With a credible military threat, stopping Iran from getting a nuclear capability and reaching a good agreement is possible. Former president Barack Obama warned many times that “all options are on the table.” But it was clear that military action was not one of them.

In light of the failed US military interventions in Afghanistan and Iraq, Iran assumed that Obama didn’t intend to use force. That assessment was reinforced after Obama set in 2012 a “red line” for Syrian President Bashar Assad, warning him that if he attacked his citizens again with chemical weapons, the US would retaliate.

In August 2013, Assad ignored this warning, attacked with chemical weapons, but Obama did nothing.

Israel’s threat of military action decreased sanctions, and cash payments induced Iran to enter negotiations and reach the 2015 agreement.

In the recent strategic dialogue in Manama, the capital of Bahrain, Secretary of Defense Lloyd Austin criticized Iran. However, he reiterated the preference for a diplomatic solution. He said: “Our potential punch includes what our friends can contribute and what we have prepositioned and what we can rapidly flow in.”

“Our friends and foes both know that the United States can deploy overwhelming force at the time and place of our choosing,” he added.

Here, too, Austin referred only to capability, not will. The US has a vast military capability and can attack and destroy the Iranian nuclear facilities. The problem is a willingness to use force.

President Joe Biden spoke about “other options” if diplomacy fails, but many doubt he would order a military strike.

Recently, Iran attacked a US base in Tanf on the Syrian-Iraqi border. The United States did not retaliate. According to officials quoted in The New York Times, the Iranians were trying to create a strategic equation whereby attacks on American targets serve as retaliation for Israeli strikes on Iranian bases in Syria.

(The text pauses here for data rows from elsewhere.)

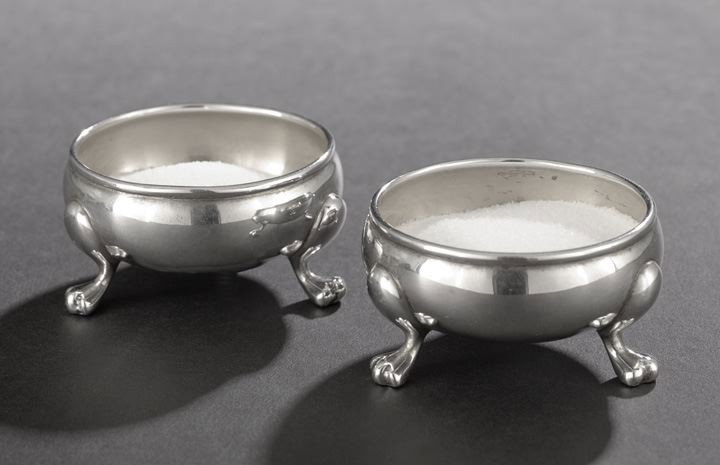Pair of American Sterling Silver Salt Cellars: Pair of American Sterling Silver Salt Cellars, 1929-1933, by Tuttle Silversmiths, Boston, Massachusetts, each of bulbous circular form, with molded tim and raised on three pad feet, the interiors gilt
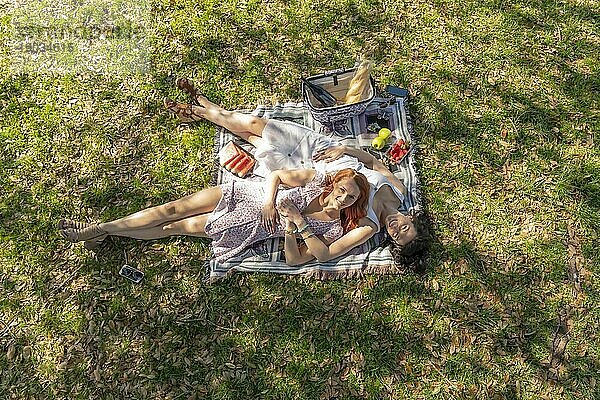 Zwei wunderschöne Modelle genießen die Gesellschaft des anderen an einem Herbsttag mit einem Picknick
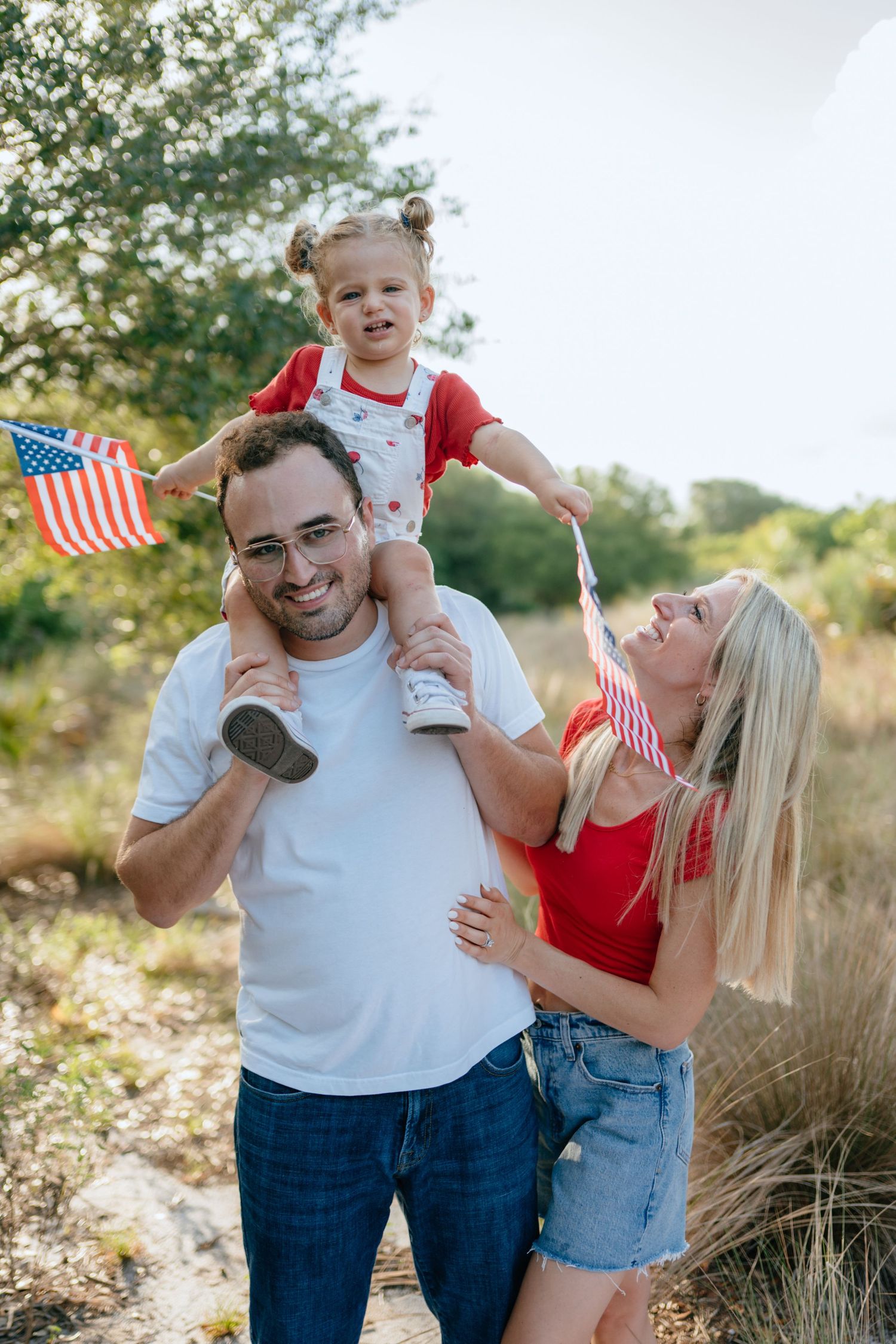 Happy family with toddler on dad's shoulders waving American flags outdoors on a sunny day.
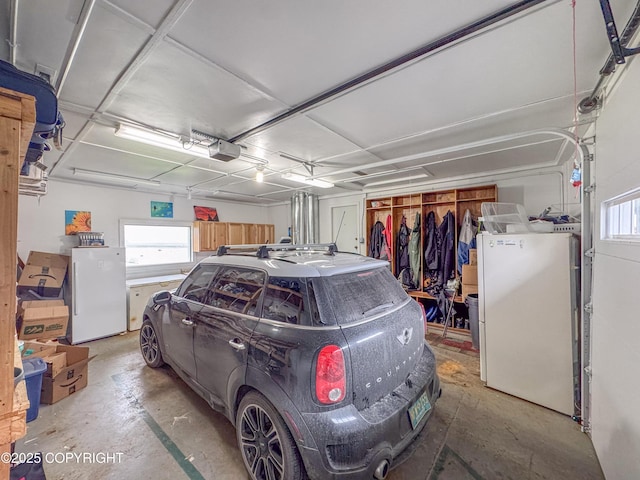 garage with freestanding refrigerator and a garage door opener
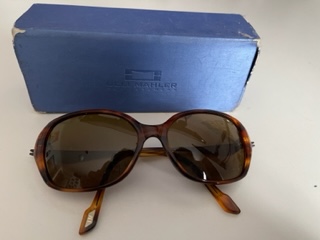 Eine Sonnenbrille liegt vor einem blauen Etui.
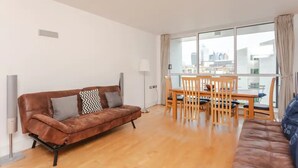 A modern living room with a brown leather sofa, a dining table with chairs, and large windows with curtains.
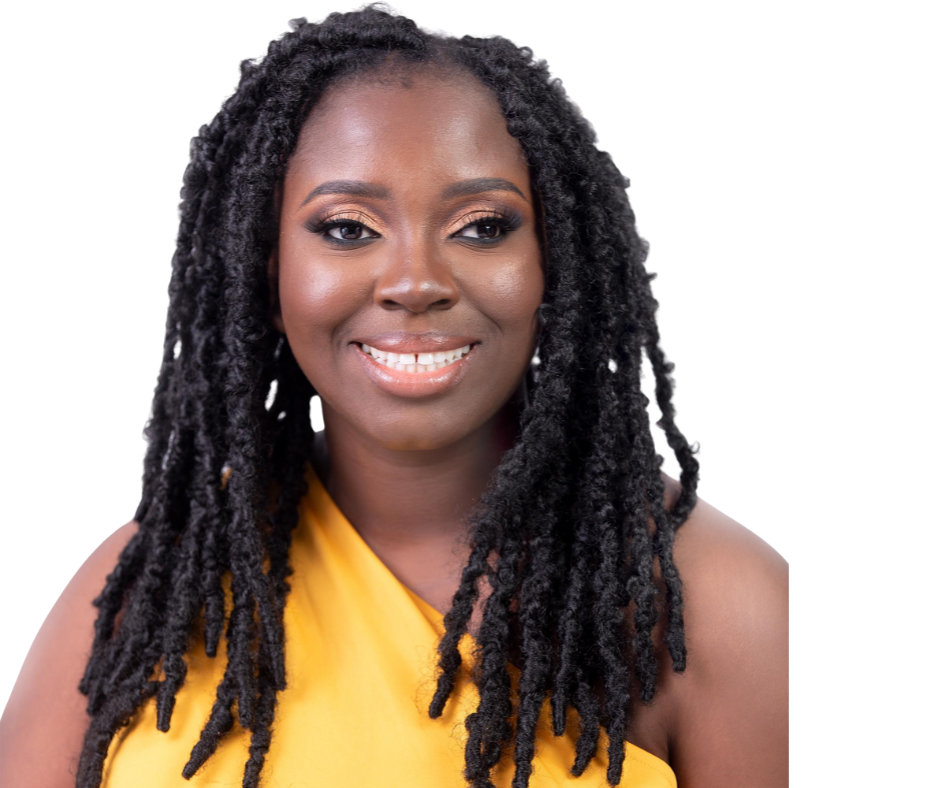 A woman with dreadlocks wearing an orange dress.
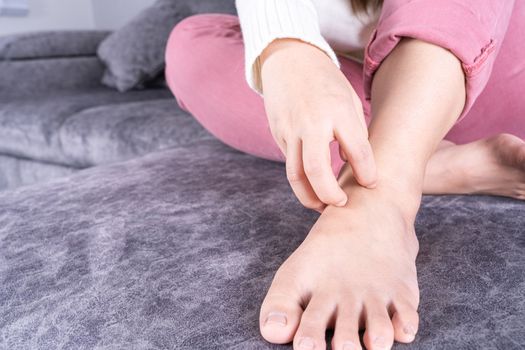 Young woman scratching his foot while sitting on sofa at home. Healthcare medical or daily life concept.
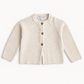 A cream-colored knit cardigan sweater for toddlers, featuring a round neck, raglan sleeves, and three brown buttons down the front. The brand name 'TMC & VLOT' is visible on the inner neck label.
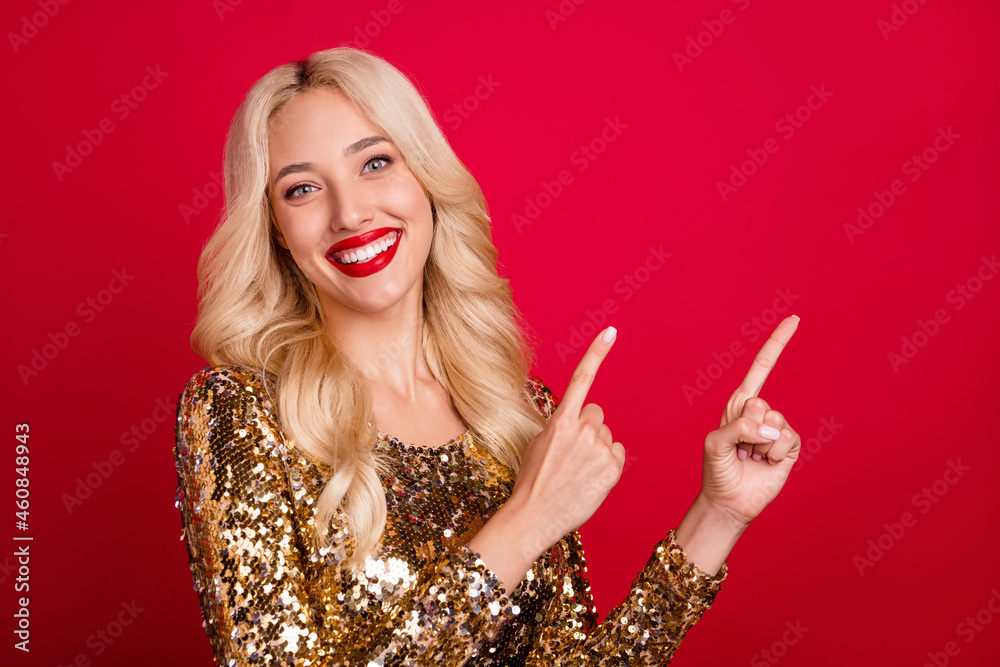 Obraz premium Photo of adviser lady indicate forefingers empty space novelty sale wear golden dress isolated red color background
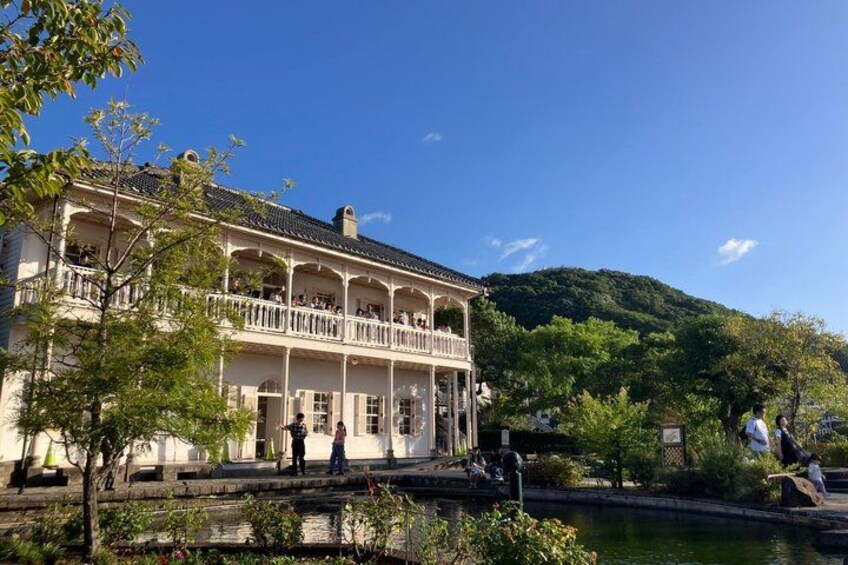 A two-story building with a balcony, surrounded by greenery and a body of water. 4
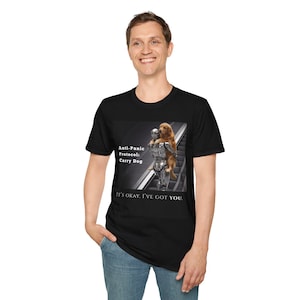 May include: Black t-shirt featuring a graphic of a robot carrying a golden retriever on an escalator. The text on the shirt reads "Anti-Panic Protocol: Carry Dog" and "IT'S OKAY. I'VE GOT YOU."
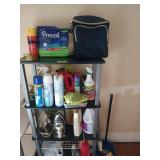 Four tier shelf with contents, including irons,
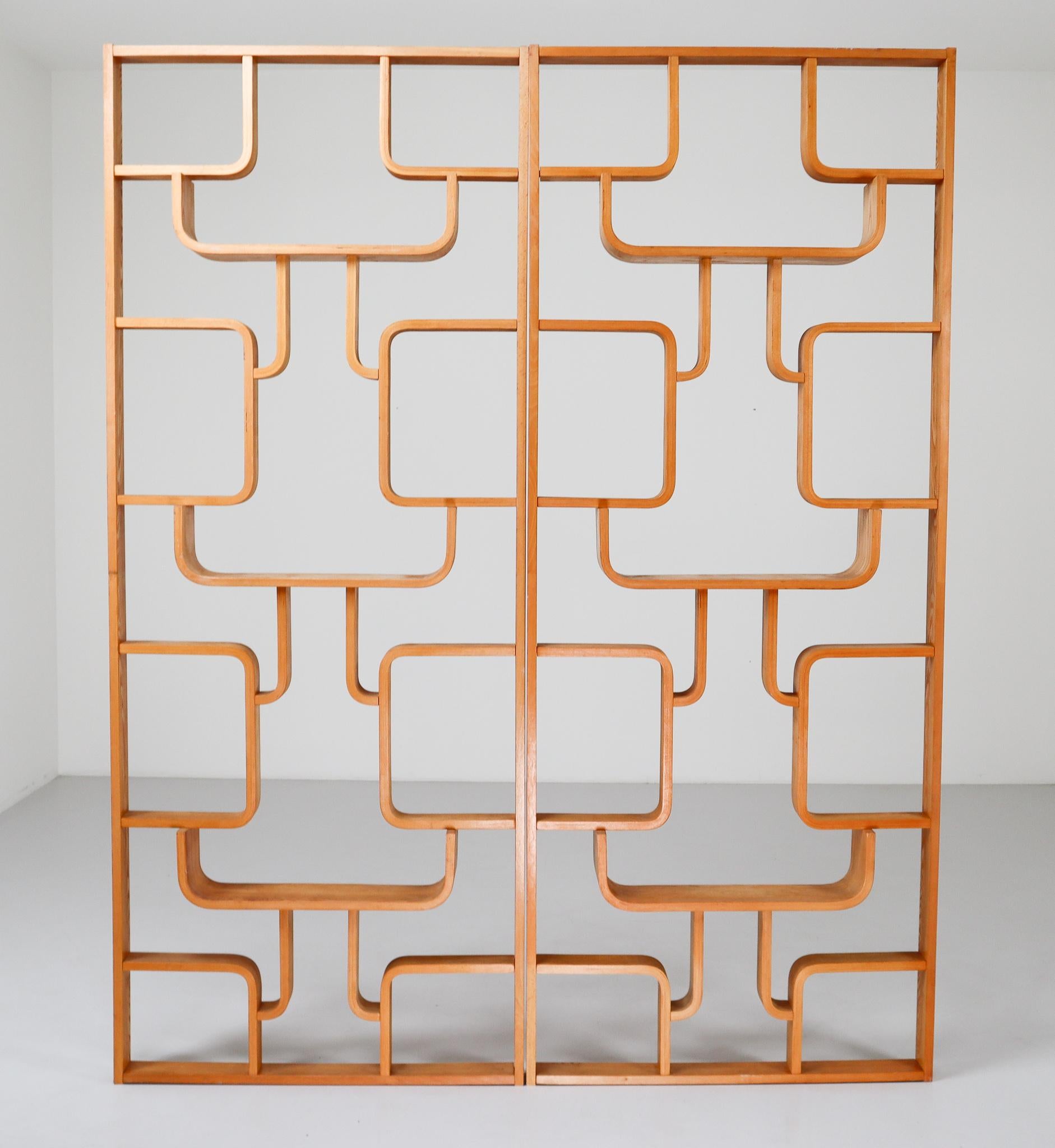 A unique set of two blond room dividers from a villa from Prague purchased from the original owner. These objects can be used as a wall-mounted shelving unit or room divider. Square edges in blond color plywood and features geometric patterns.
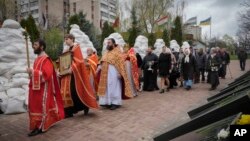 Orthodox priests hold a ceremony to honor Chernobyl firefighters to mark the 36th anniversary of the Chernobyl nuclear disaster in the capital Kyiv, Ukraine, April 26, 2022. Firefighters sculptures are covered with bags to protect against the Russian shelling.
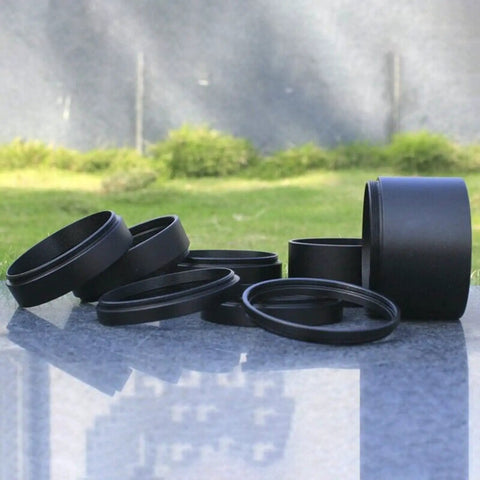 Stackable M48X0.75mm Extension Tubes Set for Cameras and Telescopes Aluminum Black Finish outdoors on concrete surface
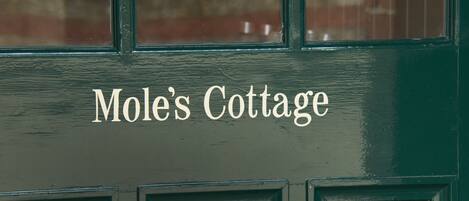 A door with the text "Mole's Cottage" indicating the name of the establishment.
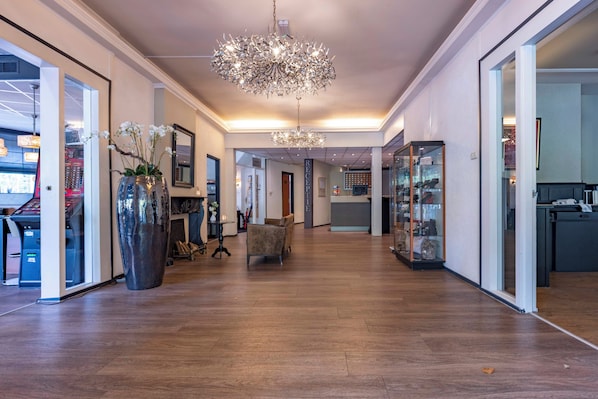 Un hall d’entrée spacieux, agrémenté d’un grand lustre, d’un comptoir d’accueil et d’une vitrine.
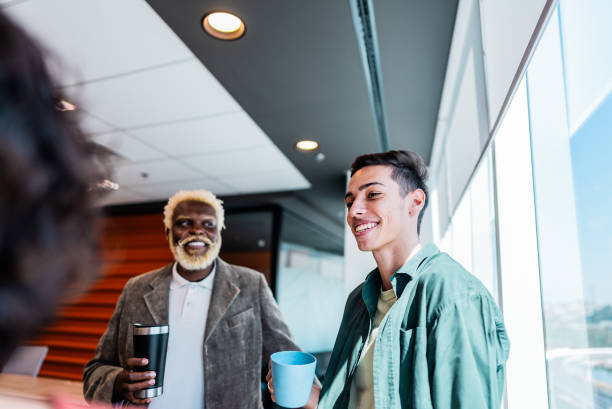 istock Coworkers talking on the office 2161871483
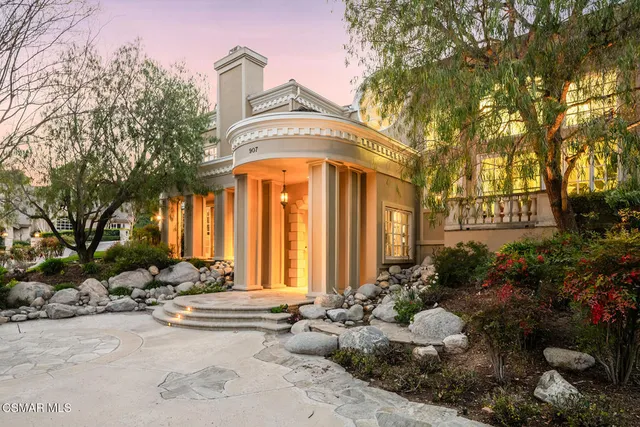 a view of balcony with furniture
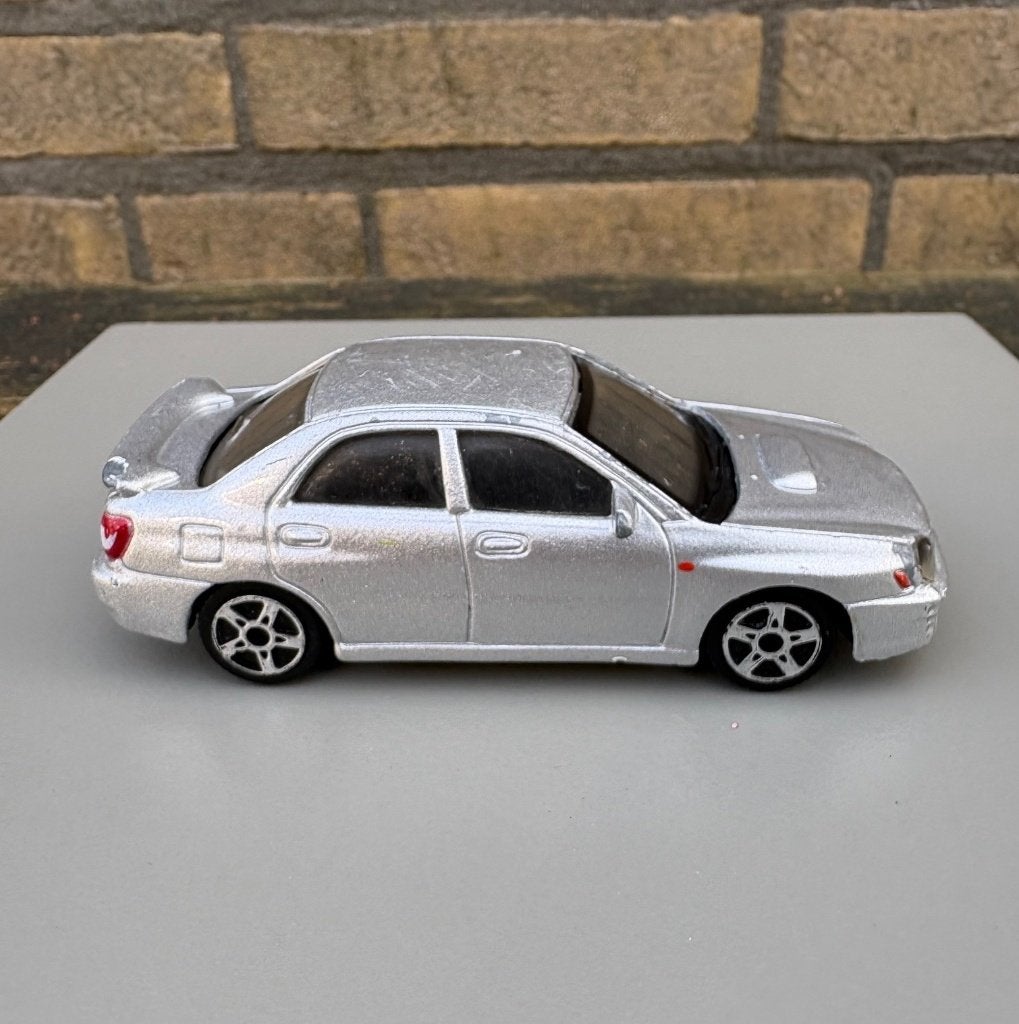 Burago Subaru Impreza WRX STI  1:43, Ophalen of Verzenden, Gebruikt, Auto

Instead of responding militarily against the pro-Iranian militias that conducted the attack in Tanf, the United States told Israel its attacks against Iran’s nuclear program were counterproductive, according to The New York Times. Such positions can only reinforce Tehran’s rigidity.

The return to negotiations is a positive step, but it says nothing about Iran’s true intentions. Countries often enter international negotiations with no intention of reaching an agreement. They have their agendas.

From Tehran’s perspective, the goals are lifting the sanctions and securing immunity from military attacks.

Therefore, Biden’s strategy raises many questions. The withdrawal from the starting position of a more robust and longer agreement and tolerating the Iranian conditions for negotiations does not provide any leverage against Iran.

Given Iran’s strategy of buying time through months of ongoing negotiations as it proceeds forward toward the bomb, means that the Biden administration’s position may erode even further.